Appears to be sooner than later.
Wednesday we were pondering the 'when' the drop toward the July lows would occur, not the 'will,' noting sooner would just go ahead and get it over with. Well, we are getting the sooner. Stocks started lower but didn't look to be entering the slaughterhouse doors. After the first hour, however, they were herded in and the carnage began.
There was no real difference in the news. The economic data continued to improve with solid productivity (4.3% versus 3.5% expected) and ISM services back above 50 (50.6 versus 49.5 prior). Same store sales were not great but they were not a meltdown even with stimulus checks long gone. Crude faded again (107.65, -1.70) even with inventories falling 1.9M.
Nonetheless stocks sold into midmorning, trying to recover into lunch. Then Bill Gross, a.k.a. the bond king, commented on the need for a financial bailout or else as well as his distaste for financial debt. The market, borrowing from 'Risky Business,' said a collective 'what the f--k,' and sold off into the close, breaking support and in full flight toward the July lows.
TECHNICAL. Of course the intraday action was weak with a bad to worse, low to lower, crappy to crappier tape. This is what you would expect. Moreover, if things did bounce a bit late would that mean much? No, that would be left to a complete reversal from the selloff and that just didn't quite happen Thursday.
INTERNALS. Pretty crappy. Breadth was impressively weak at -4.9:1 NYSE, -4:1 NASDAQ. Volume surged above average on NASDAQ, the strongest trade since mid-July. Interestingly and indeed positively, volume was higher on NYSE but it was still noticeably below average. While that does not impact the day's selling it does show that there was not wanton selling of NYSE stocks. They were sold and no one wanted to buy them in number, but they sellers didn't overrun the entire NYSE. What that means is watch how the indices act when they test the July lows: if the selling is not intense, there is a greater possibility that the prior lows will hold.

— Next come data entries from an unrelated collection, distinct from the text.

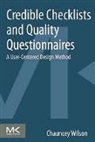 Chauncey Wilson, Chauncey (Senior User Researcher Wilson, Wilson Chauncey - Credible Checklists and Quality Questionnaires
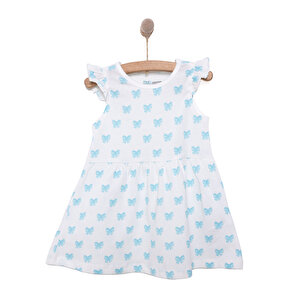 HelloBaby Basic Elbise, Ekru, 9 Ay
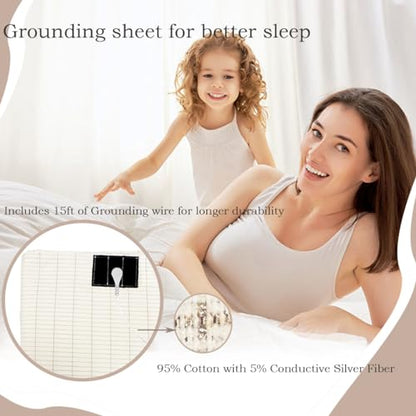 Grounding Sheet, Grounding Mat for Bed with Grounding Cord, Reduce Painful, Inflammation XINHUSUBuy Supplements Australia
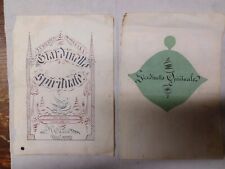 2 Antichi fogli   con scritte e disegni eseguiti a penna e inchiostro nel 1850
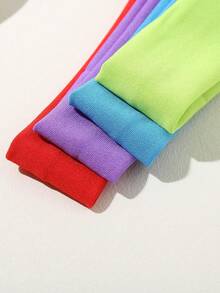 4pcs Solid Color Headbands In Campus Style Athletic Headband Set Casual,Gym Hair Band Turban Headband Sweatband, Hairband Fall Winter Hair Accessories For Women For Vacation Outfits Woman Elegant Scarf - 8 Pcs 顏色隨機 - 查看 5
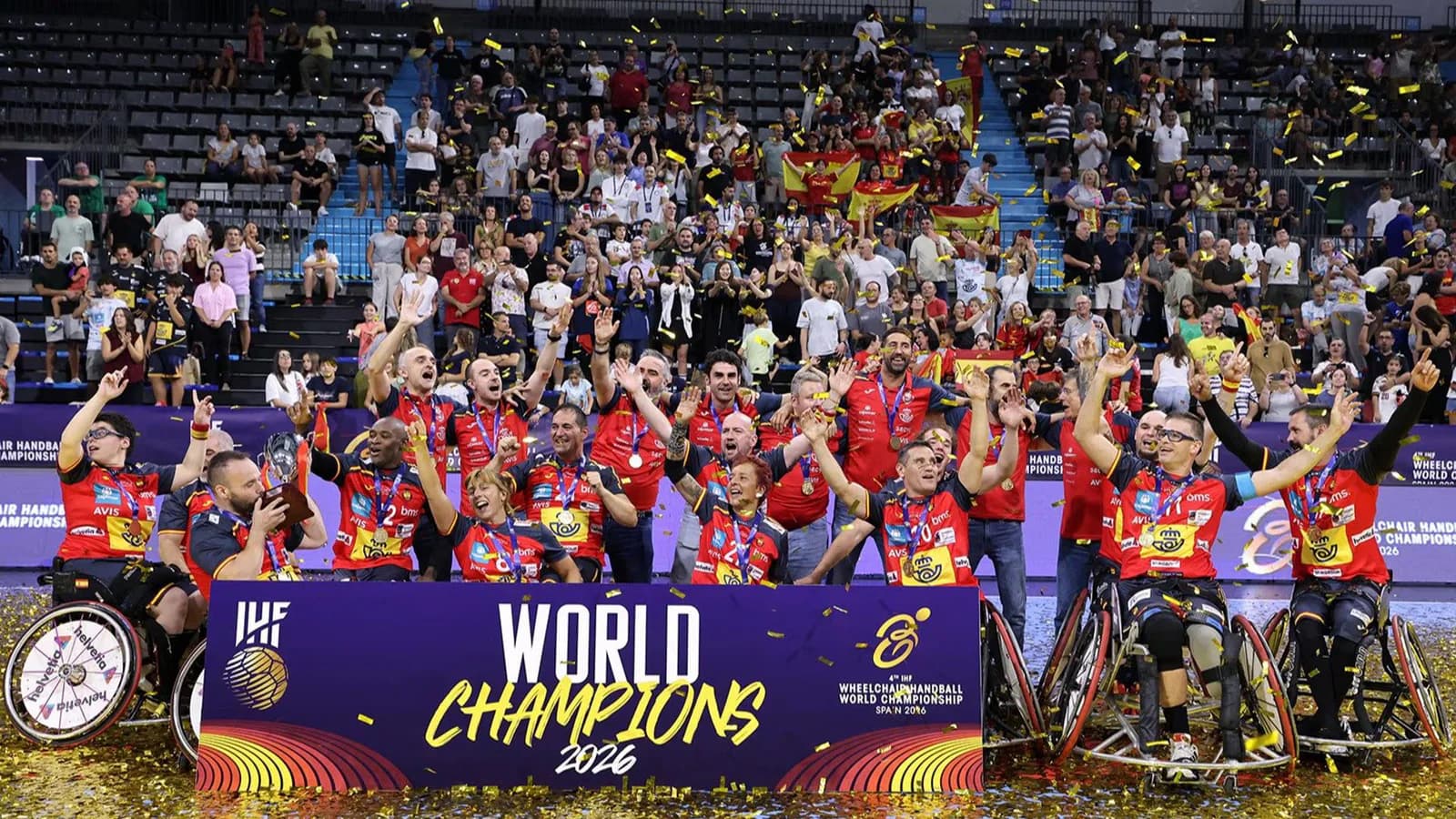 España se consagró campeona mundial de balonmano en silla de ruedas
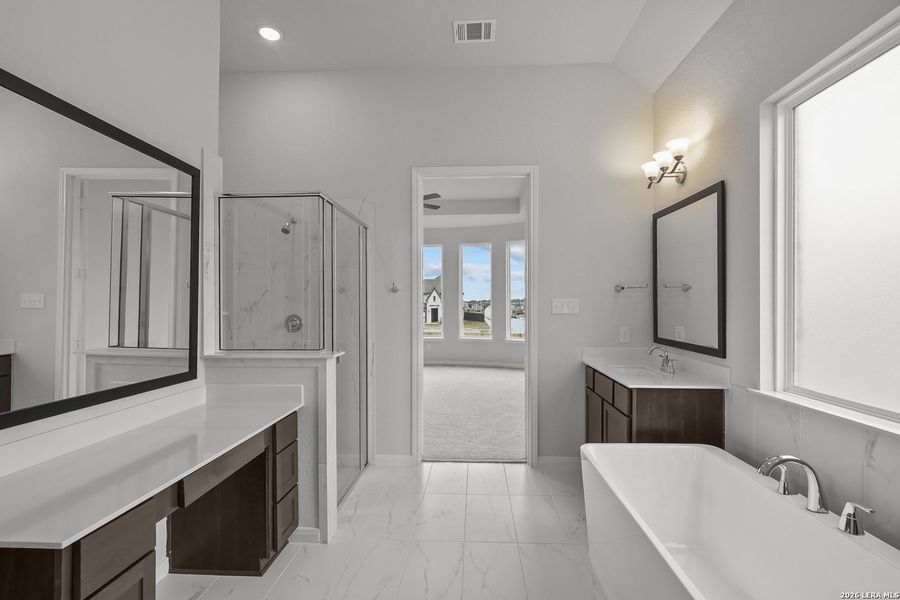 Furnished interior view inside a new home in Buffalo Crossing, Cibolo (Image 8).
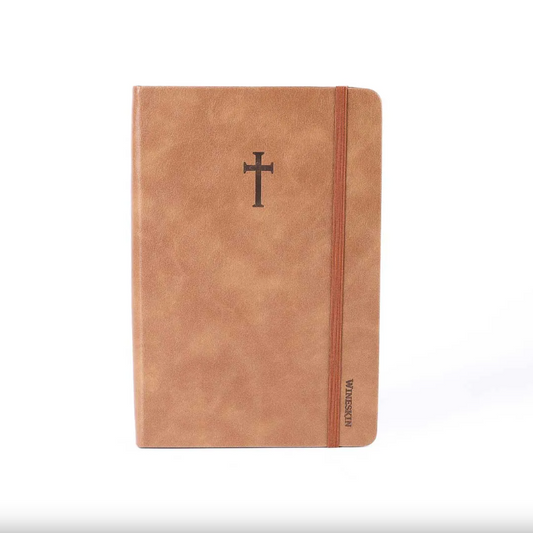 Wineskin Journal Tan Hardcover - Re-vived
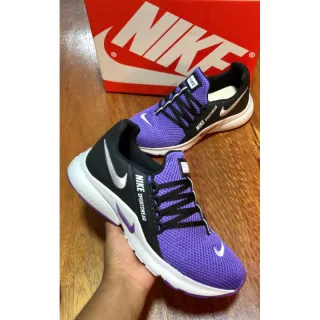 Esportivo Feminino Confortável Tênis para Academia Caminhada - Lilás/pto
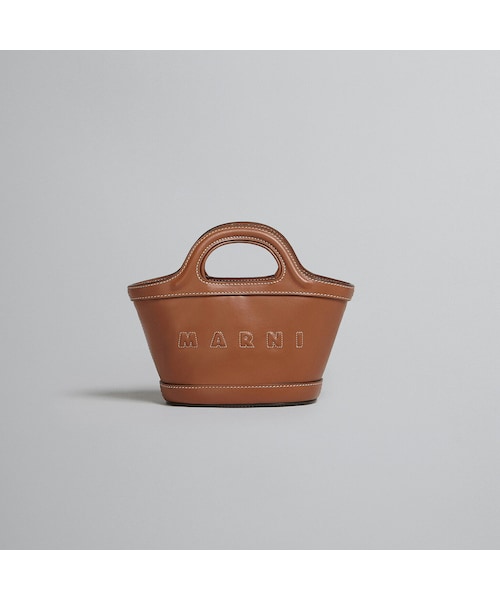 MARNI（マルニ）の「MARNI ブラウン レザー製 TROPICALIAマイクロ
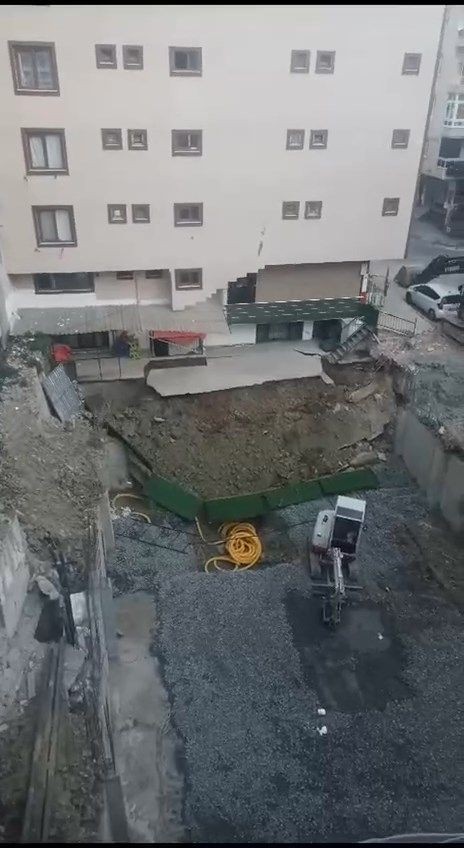 Deprem oluyor sandılar! Güngören'de 6 katlı binanın bahçesi çöktü - Sayfa 3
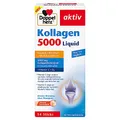 Produktbild: Doppelherz Kollagen 5000 Liquid - mit Kollagenhydrolysat, Chondroitinsulfat, Vitaminen und Mangan - 14 Sticks mit Pfirsich-Geschmack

CHARTS. A very clear break of the lateral trading ranges on SP500 and DJ30, and NASDAQ added to its breach, screaming through weak support at 2300 on its way to 2200. SP600 sold off below its 50 day EMA and 200 day SMA, the latter by a small margin, just undercutting its August low. It is still okay but after a lower high is threatening to follow its cousins. Worrisome is the NYSE composite smashed its July low Thursday, already undercutting the level that undercut the January and March twin lows. SOX has undercut all of its 2008 lows as well. NYSE is of more concern; it is a broad measure and that indicates there is a lot of pressure on the other NYSE indices as they test.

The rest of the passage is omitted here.